Linkerd proxy is causing Redis to fail on upgrade to latest Redis version

Hi,

We are running Linkerd enterprise-2.16.1.
In our clusters we have Redis version 7.2.4 running in with:

architecture: replication
sentinel:
  enabled: true

We use this helm chart:

This has been working fine. All Redis pods are meshed and I see that the proxy-injector is also adding this annotation: config.linkerd.io/opaque-ports: "6379". We probably should add the sentinel port 26379 there also, but it has not been a problem

Today I tried to upgrade Redis to the version 7.4.1 with Helm chart version 20.2.1
After the upgrade there is a lot of connection issues. Redis pods can not connect to each other anymore. And applications can not connect to Redis.
I see these type of errors in the Linkerd proxy log:

linkerd-proxy [   200.305512s]  INFO ThreadId(01) outbound: linkerd_app_core::serve: Connection closed error=connect timed out after 1s client.addr=10.241.75.1:46842 server.addr=10.241.73.252:6379
linkerd-proxy [   200.821799s]  INFO ThreadId(01) outbound: linkerd_app_core::serve: Connection closed error=connect timed out after 1s client.addr=10.241.75.1:52114 server.addr=10.241.73.252:26379

If I disable Linkerd proxy for Redis pods then everything works fine. But, as we are using Linkerd we want to run all the pods in our application namespace in the service mesh.

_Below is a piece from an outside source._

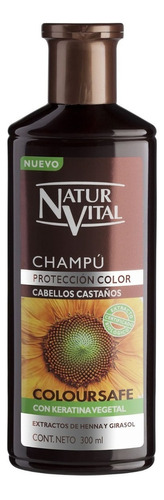Shampoo Colour Safe Henna Cabello Castaño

I need some help figuring out what is going on and how to fix it.

Adding this annotation to Redis pods also makes Redis work:
config.linkerd.io/skip-inbound-ports: “6379,26379”
Not really a solution since we want to run all pods in the service mesh with mTLS

This looks like a bug in Linkerd I think

It is very easy to reproduce. Create a test-values.yaml file with this content:

architecture: replication
sentinel:
  enabled: true
replica:
  podAnnotations:
    linkerd.io/inject: enabled
    config.linkerd.io/opaque-ports: "6379,26379"

Then install Redis using this command:

helm install redis oci://registry-1.docker.io/bitnamicharts/redis -f test-values.yaml

Redis pods will now be flooded with
INFO ThreadId(01) outbound: linkerd_app_core::serve: Connection closed error=connect timed out after 1
errors in the proxy logs
And redis pods can not connect to each other
@Flynn @william I would be grateful is someone could take a look at this issue

I was wrong. It does not work with this annotation:
config.linkerd.io/skip-inbound-ports: “6379,26379”
only way to make latest version of redis work is to disable Linkerd proxy

Mmm. Had one occasion where the skip-inbound-ports annotation dod not help as a workaround. Now it works again. But this is equivalent to disabling Linkerd for Redis, so not really a solution

Are those connection closed errors coming from the Redis proxies, or from the apps trying to connect to Redis?

The errors are from the Redis proxies. As you may know the Redis pods connect to each other both for Sentinel and replication. From what I heard when things started failing, other apps using Redis had connection issues

But to investigate it is simplest to just deploy Redis with the configuration above and it will start failing right away. Works fine without Linkerd. Also works with the old version of Redis and Linkerd enabled, which was our configuration before we attempted upgrade of Redis

Any updates on this? Any Linkerd user that are also using Redis will likely hit the same problem when upgrading to latest Redis version

Hi Jan, sounds like we were able to reproduce this locally, so good news it’s not just you. If you have any ability to try different Redis versions to help us pinpoint the exact change that induced this behavior, that would be helpful. Otherwise we’ll plug away and let you know what you find.

Hi,
I’ve some more info for you to maybe help you track down the issue:
Working versions of the Bitnami redis helm chart is:
18.6.4 → redis:7.2.4-debian-11-r0
18.7.1 → redis:7.2.4-debian-11-r2
Not working version:
18.11.1 → redis:7.2.4-debian-11-r4. # Linkerd proxy failing to get into ready state and eventually crash
18.12.1 → redis:7.2.4-debian-11-r5 # Linkerd proxy starting but blocking traffic so redis is not working. Same as the latest helm chart and redis version

1 Like

Any progress on investigation and a fix?

@william Any updates?

It is on our list but we haven’t had time to devote to it yet.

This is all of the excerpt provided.